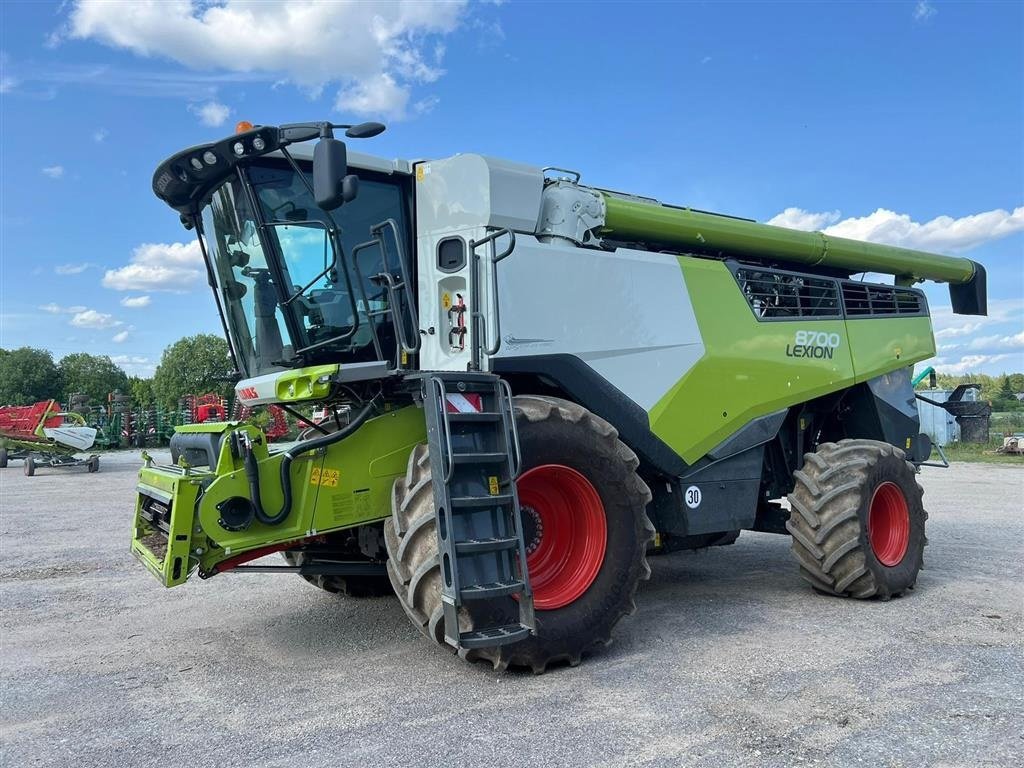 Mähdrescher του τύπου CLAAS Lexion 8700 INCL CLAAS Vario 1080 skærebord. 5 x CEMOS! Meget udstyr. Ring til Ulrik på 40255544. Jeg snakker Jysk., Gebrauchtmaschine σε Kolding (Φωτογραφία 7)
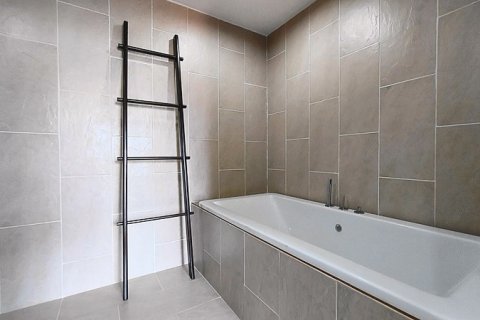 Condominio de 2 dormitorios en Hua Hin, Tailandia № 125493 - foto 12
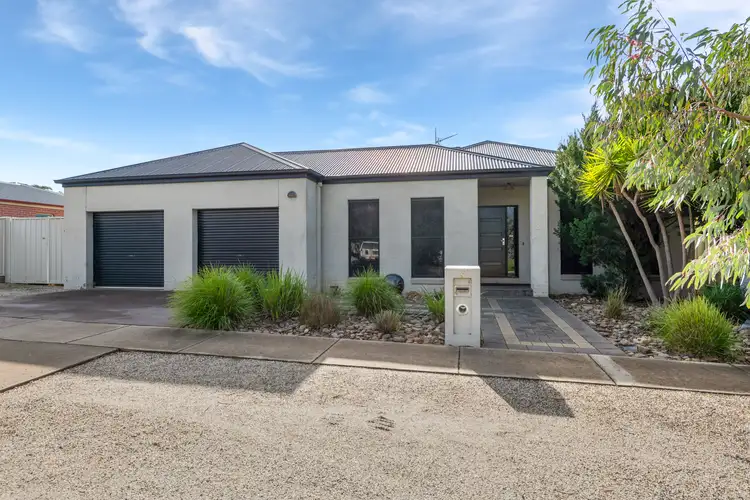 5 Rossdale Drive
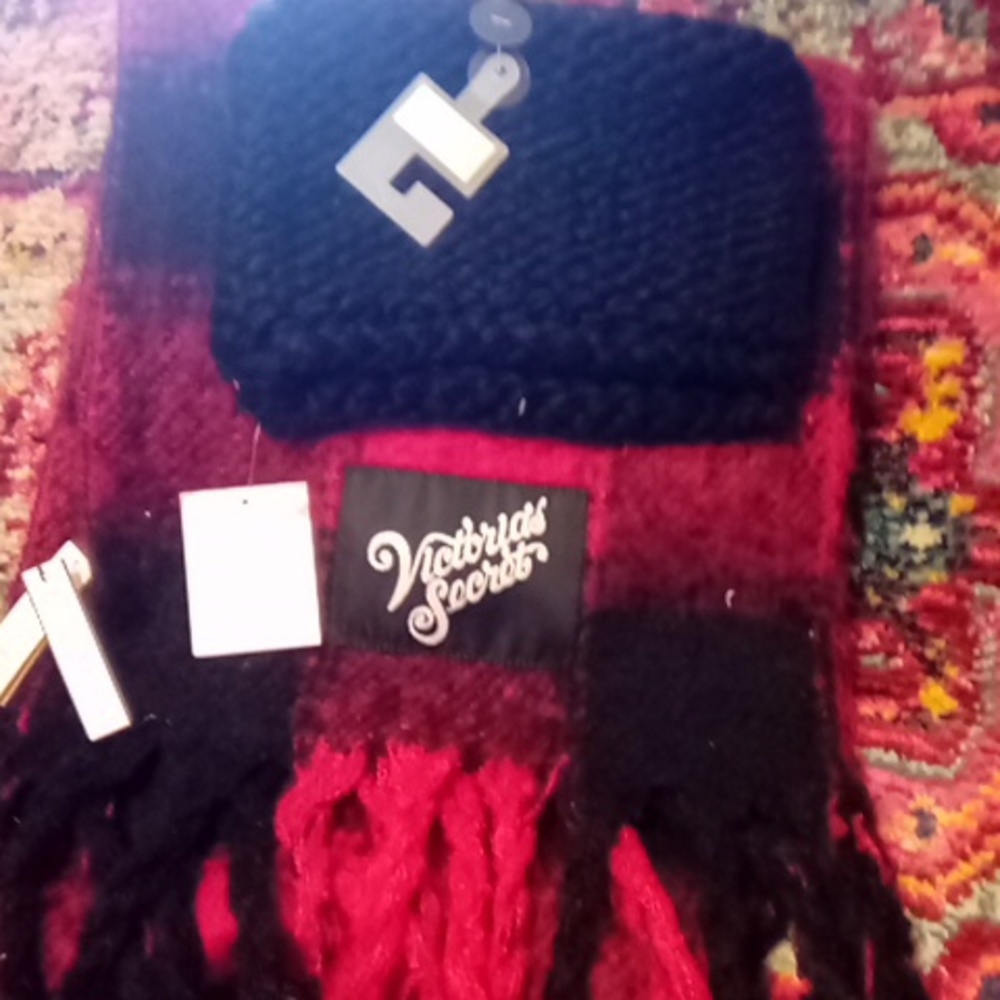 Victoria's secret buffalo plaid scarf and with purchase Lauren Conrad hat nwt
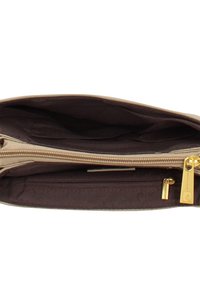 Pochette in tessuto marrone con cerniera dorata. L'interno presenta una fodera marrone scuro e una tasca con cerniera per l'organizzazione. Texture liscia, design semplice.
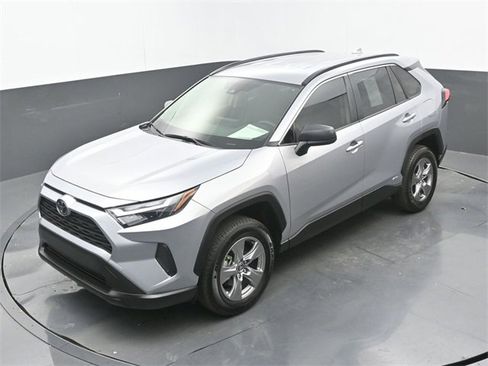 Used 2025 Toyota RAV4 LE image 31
---
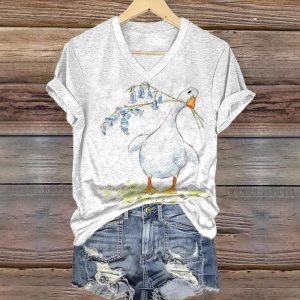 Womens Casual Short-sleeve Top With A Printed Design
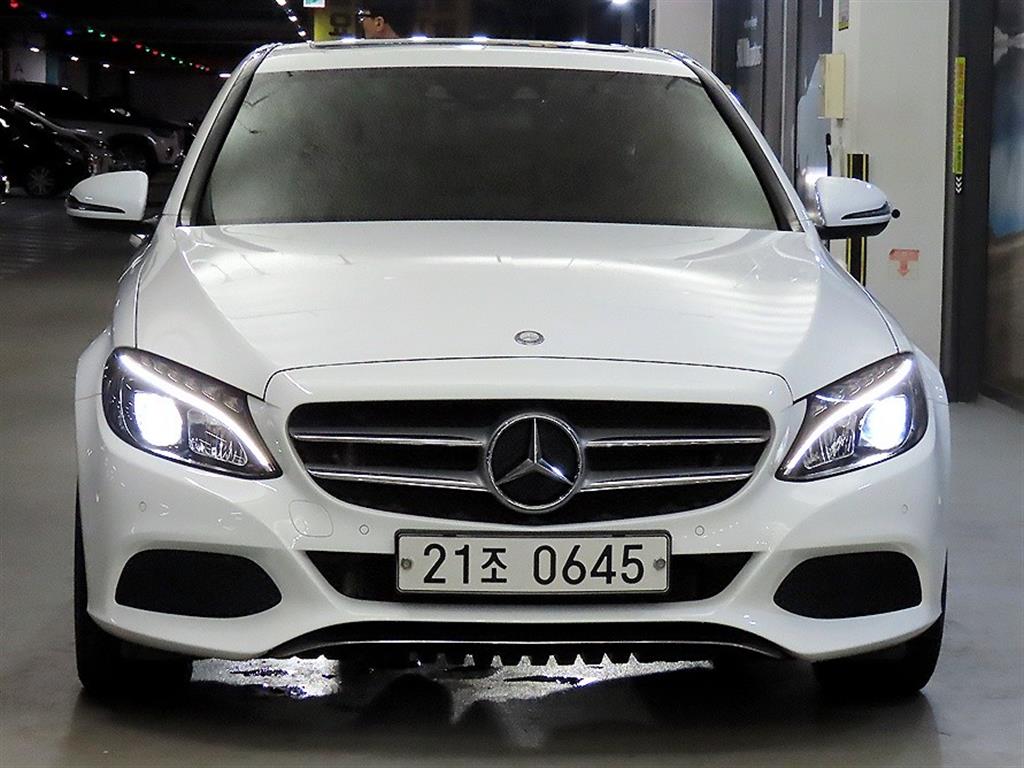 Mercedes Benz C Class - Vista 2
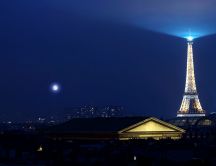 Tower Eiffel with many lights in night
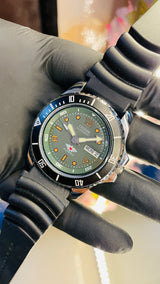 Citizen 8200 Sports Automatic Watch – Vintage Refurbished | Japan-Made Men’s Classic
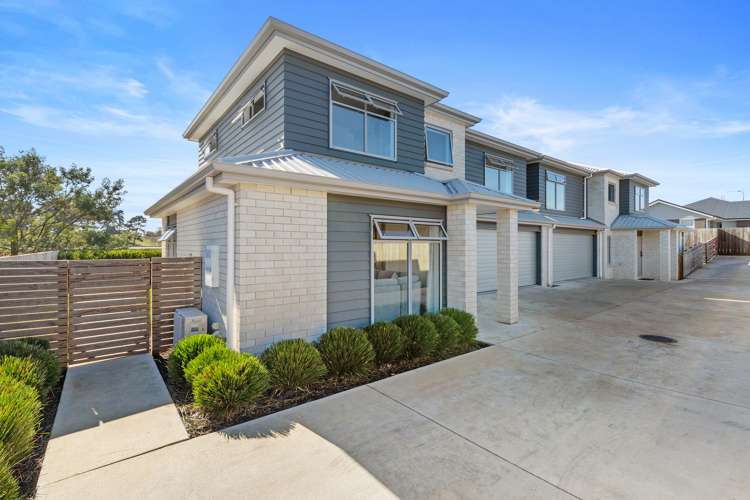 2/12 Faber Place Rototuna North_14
* * *
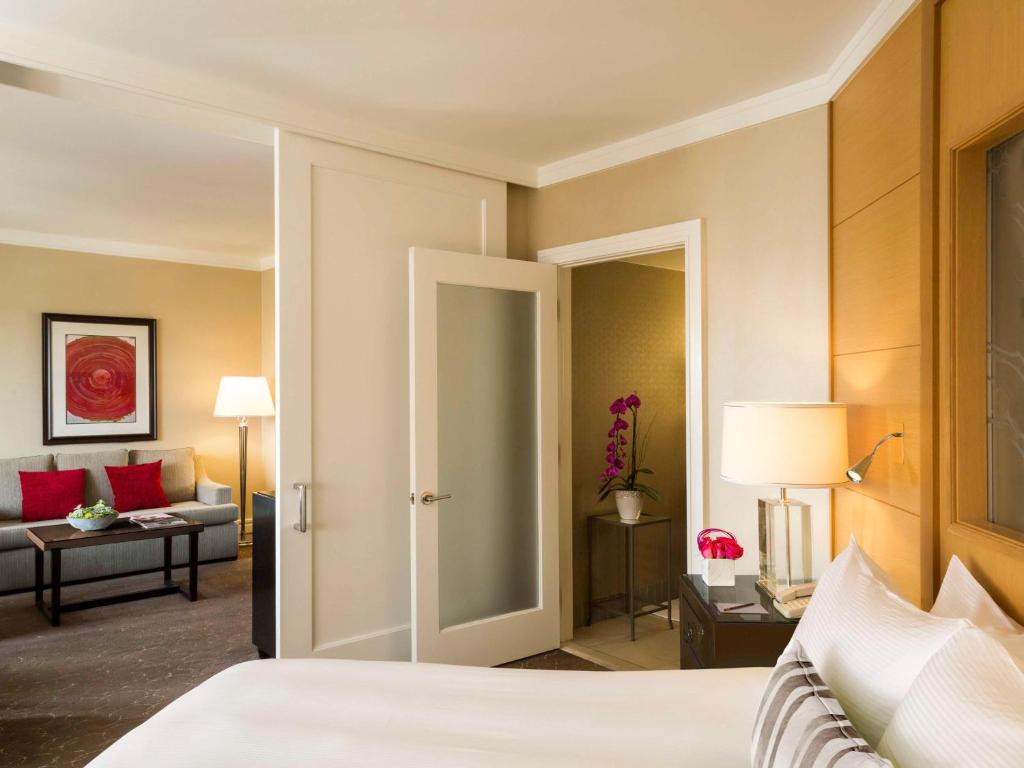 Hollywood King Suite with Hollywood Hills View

- Task objective
Above is the material; set down exactly its lines from the one containing "Mähdrescher του τύπου" down to the one containing "Used 2025 Toyota RAV4 LE image 31", both included, leaving out any pictures.

- Expected answer
 Mähdrescher του τύπου CLAAS Lexion 8700 INCL CLAAS Vario 1080 skærebord. 5 x CEMOS! Meget udstyr. Ring til Ulrik på 40255544. Jeg snakker Jysk., Gebrauchtmaschine σε Kolding (Φωτογραφία 7)
 Condominio de 2 dormitorios en Hua Hin, Tailandia № 125493 - foto 12
 5 Rossdale Drive
 Victoria's secret buffalo plaid scarf and with purchase Lauren Conrad hat nwt
 Pochette in tessuto marrone con cerniera dorata. L'interno presenta una fodera marrone scuro e una tasca con cerniera per l'organizzazione. Texture liscia, design semplice.
 Used 2025 Toyota RAV4 LE image 31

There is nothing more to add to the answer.